On the most basic level, the way we learned to query through a table in one of our databases is pretty simple.
The SQL SELECT
statement allows us to search through a table and return a custom results table with whatever columns/groupings/operations we specified in our query.
SELECT * FROM movies WHERE rottentomatoes > 85 AND lead_actor like 'Kevin Spacey';
Unfortunately, sometimes the queries need an added level of complexity and a simple statement like the one above wont do the trick. Here are two scenarios where we need to add some intricacy to our SQL statement in order to perform a sufficient query:
- We want to query for consistencies between two separate tables that are connected through a reference key.
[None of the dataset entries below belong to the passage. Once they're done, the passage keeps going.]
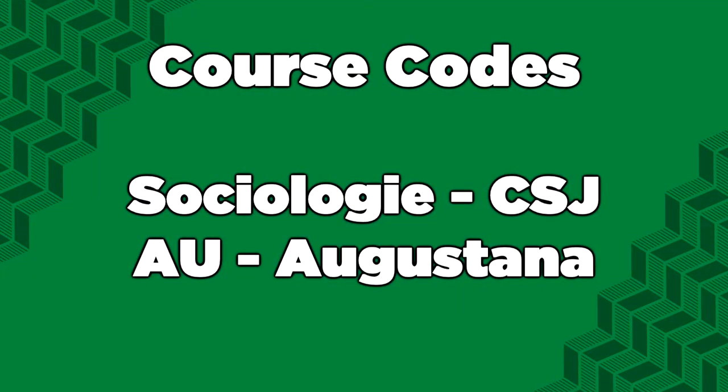Courses with titles in French or with course codes that start with AU belong to our Campus Saint-Jean and Augustana campuses respectively. If you are admitted to a program from the Faculty of Arts, most, if not all of your required courses are found on North Campus.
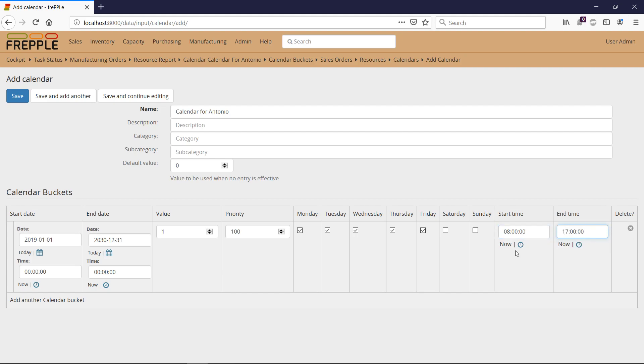So here Antonio is working from Monday to Friday, 8 AM to 5 PM. His availability is one and this is for the next 10 years with a priority 100.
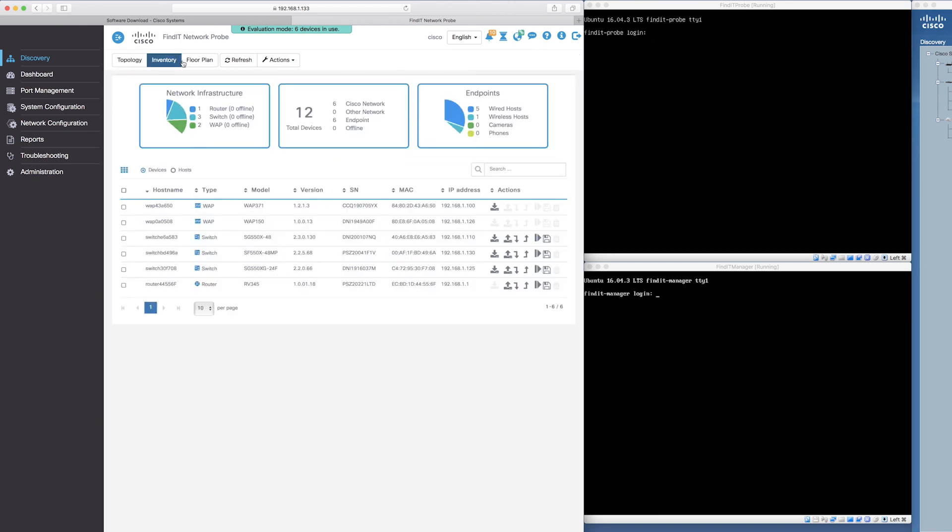The Findit network probe also has the functionality of an inventory and a floor plan. The inventory shows the different devices and helps you gauge the complexity of each system.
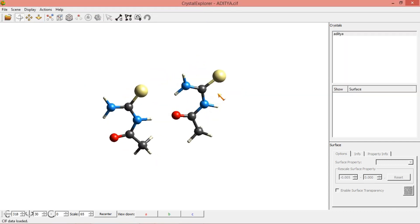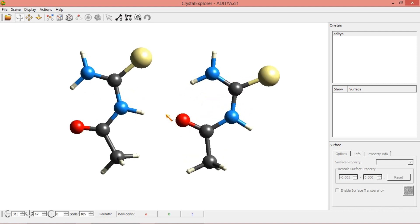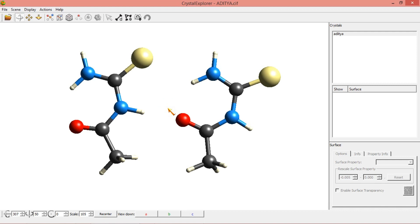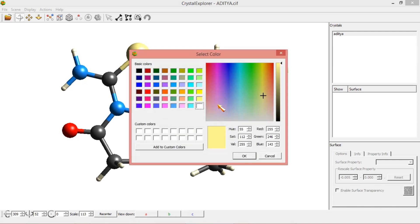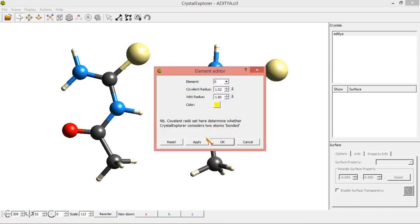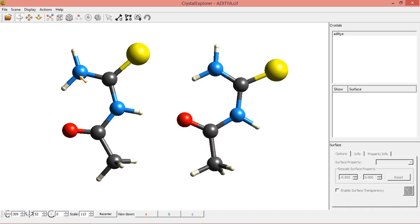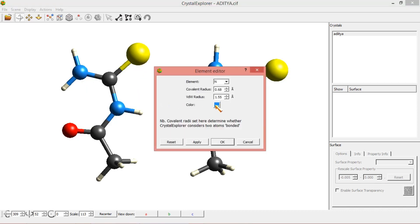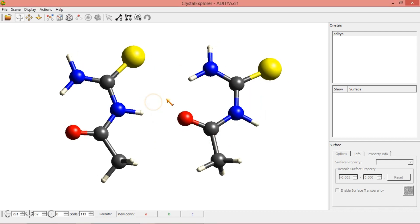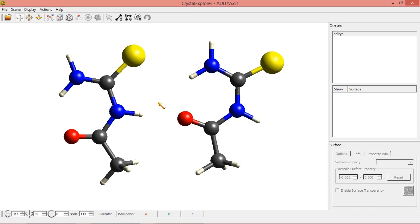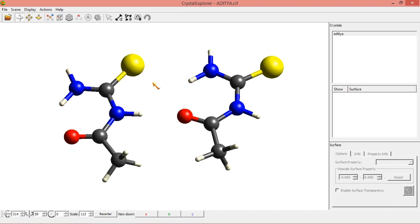I have opened a CIF file — CIF means Crystallographic Information File. This is the molecule we are seeing now. This is a sulfur molecule and these are the nitrogen molecules. I am coloring this nitrogen-sulfur molecule into yellow color. As a standard, nitrogen is blue color, so I am changing this into blue color.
- We want to query for AND consolidate ALL the references some 'parent' table has to all its children: whether its through a foreign key table reference or through an 'xref' table of multiple item references.
Hopefully by the end of this wiki page, you should have a better understanding on what the above two statements mean and how to implement them in a single SQL query statement.
SQL JOIN's are used to combine rows from 2+ tables based on a common field between them.
Below is an image that does an excellent job representing all of the different SQL joins and how to implement them (credit to www.codeproject.com).
I didn't get this at first either, but looking at a real example helped me understand exactly what the different statements mean.
Table A: ga_students_names
ida | last | first |
---|---|---|
1 | Seminara | Jagermeister |
3 | Hart | Colossus |
4 | Petrov | Petunia |
Table B: ages_residencies_of_ga_students
idb | age | residency |
---|---|---|
1 | 59 | Battery Park |
2 | 12 | Lenox Hill |
4 | 59 | GA 4th Floor |
- Gives the intersection of the two tables, or the rows they have common where Table A reference = Table B reference.
SELECT gsn.first, gsn.last, arga.age, arga.residency
FROM ga_students_names as gsn
INNER JOIN ages_residencies_of_ga_students as arga
ON gsn.ida = arga.idb;
This query will return all of the matching items in the SELECT
statement where ida and idb are present in BOTH tables.
first | last | age | residency |
---|---|---|---|
Jagermeister | Seminara | 59 | Battery Park |
Petunia | Petrov | 59 | GA 4th Floor |
The best way to vizualize exactly how JOINs work is to see what would happen if we alter the SELECT
statement to a *
query:
SELECT *
FROM ga_students_names as gsn
INNER JOIN ages_residencies_of_ga_students as arga
ON gsn.ida = arga.idb;
Which will return the table
ida | last | first | idb | age | residency |
---|---|---|---|---|---|
1 | Seminara | Jagermeister | 1 | 59 | Battery Park |
4 | Petrov | Petunia | 4 | 59 | GA 4th Floor |
As you can see, the statement INHERINTLY joins the rows with shared ID's, so all you have to do is:
- specify the columns you want
- refer to each desired column by calling its table (object-like syntax)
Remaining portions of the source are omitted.